Its varying gradients defeat any hope of getting into a rhythm so as you grind over the steepest section to what you think is the summit, glance left to get a glimpse (on a clear day) of Central London’s skyline before you push on over the last rolling lump and final, flatter section to the end of the road at the junction.

At weekends, there’s a mobile cafe van here that can provide sustenance for those requiring it. However, our chosen cafe stop is a little way off yet.

Further into the Surrey Hills you pass through Peaslake, where mountain bikers outnumber all other life forms combined, and by all accounts the area justifies the wide-tyred crowds.

Immediately out of the small village is Radnor Road. The narrow, pine-lined ascent starts steep before easing off slightly into a constant gradient for the bulk of the climb.

As long as you don’t encounter a motorist in a hurry, this can be one of the most pleasant climbs in the area as it tests your legs but doesn’t require any lung-busting, out of the saddle efforts.

Falling perfectly between Radnor Road and the climbs to come, the day’s headline cafe stop awaits near Holmbury St Mary.

Heartwork Coffee Bar makes great use of an otherwise neglected farmyard, providing decent cakes and welcome hot drinks for those who call in.

Make the most of the rest of the rolling roads and descents that follow because the day’s most difficult climb is on its way. Whitedown Lane starts steady and those unfamiliar with it will wonder what the fuss is about as the initial 500 metres or so rolls along fairly inoffensively.

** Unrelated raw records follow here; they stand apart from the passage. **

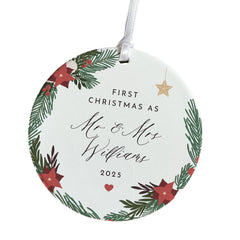 Personalised First Christmas as Mr & Mrs Ornament Custom Wedding Keepsake Gift for Couple Wreath Newlywed Bauble with Last Name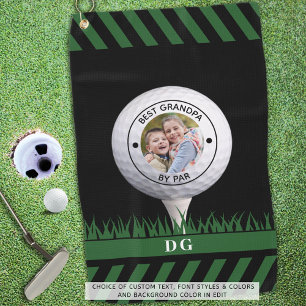 Best Grandpa By Par Photo Personalised Golf Towel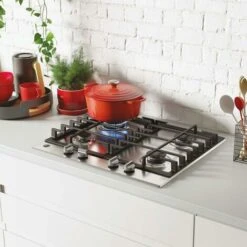 Hoover 60cm 4 Burner Gas Hob In Stainless Steel, Cast Iron Grids - HHG6BRK3X -Home Appliance Store 86105410 3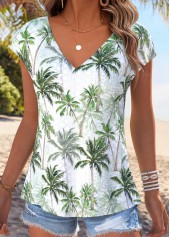 Light Green Tummy Coverage Tropical Plants Print T Shirt | thumb picture 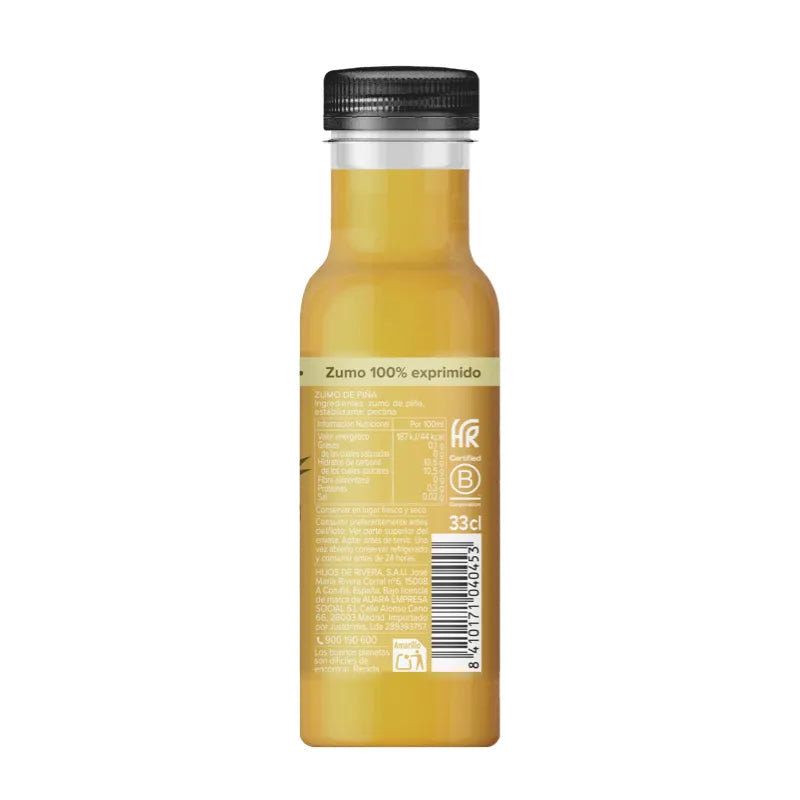 AUARA Pineapple Juice, pack of 12 bottles of 33 cl.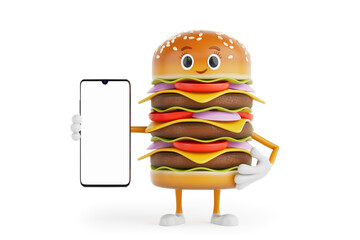 Aufkleber - Cartoon Premium Delicious Burger Icon Person Character Mascot and Modern Mobile Phone with Blank Screen for Your Design. 3d Rendering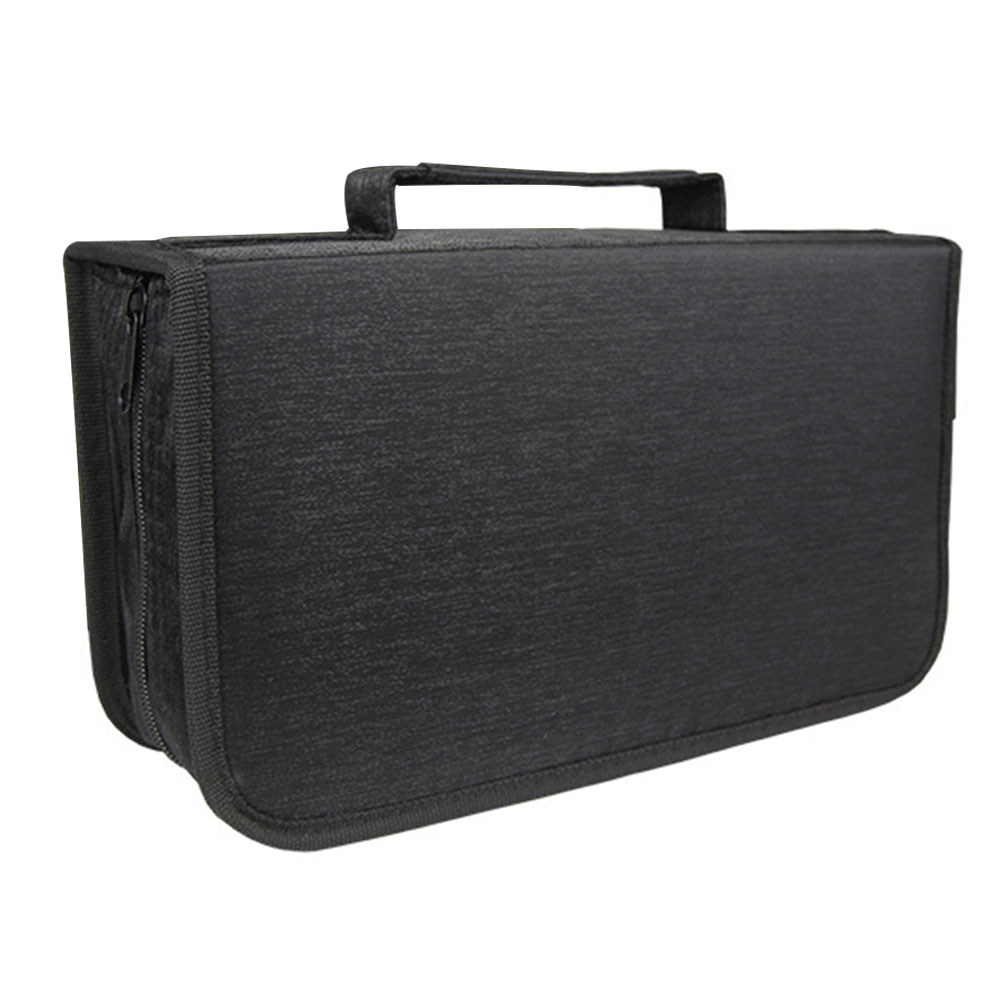 128 CDs Box Large Capacity Zipper CD Wallet DVD Travel Black Disc Car Home Space Saving Holder Storage Bag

However, over the railway bridge and into the hairpin and soon the source of any trepidation is clear. Pushing over 20% in the bend and hardly relenting until the top, this is a climb that will see you wishing for a 32t sprocket or a hidden bottom bracket motor.

What Americans might call ‘type 2 fun’, you’ll wonder if you even like cycling as you claw your way to the top, but once over the crest and descending you’ll realise it’s challenges like this that get you out of Greater London and riding further afield when the opportunity arises.

The day isn’t done, however, and Southern England’s most famous ascent waits. The hairpin bends, the perfect tarmac, the Olympic legend, the ability to wind up people not from the area: Box Hill always delivers.

The hardest part is probably from the start to the first bend and once you see the white paint all over the road it’s time to shift to a harder gear and give it some beans until you reach the National Trust cafe.

If you can hold on for another few minutes before another cafe stop, Destination Bike – a cafe and bike shop – awaits further into the village.

From here, regardless of how much effort you may have put into the day’s climbs, the ride back to London should be manageable as it’s just about downhill all the way to Selhurst, north of Croydon.

Here you’re back in the traffic and the hills and lanes are a fading memory. You’ll need to climb one last time before descending to where you started at the Bullfinch Brewery near the edge of Brockwell Park.

Time it right with the taproom’s opening hours and you can reward yourself with one of Bullfinch’s excellent beers. Just keep it sensible if you’ve got a bit of a ride to get home from here.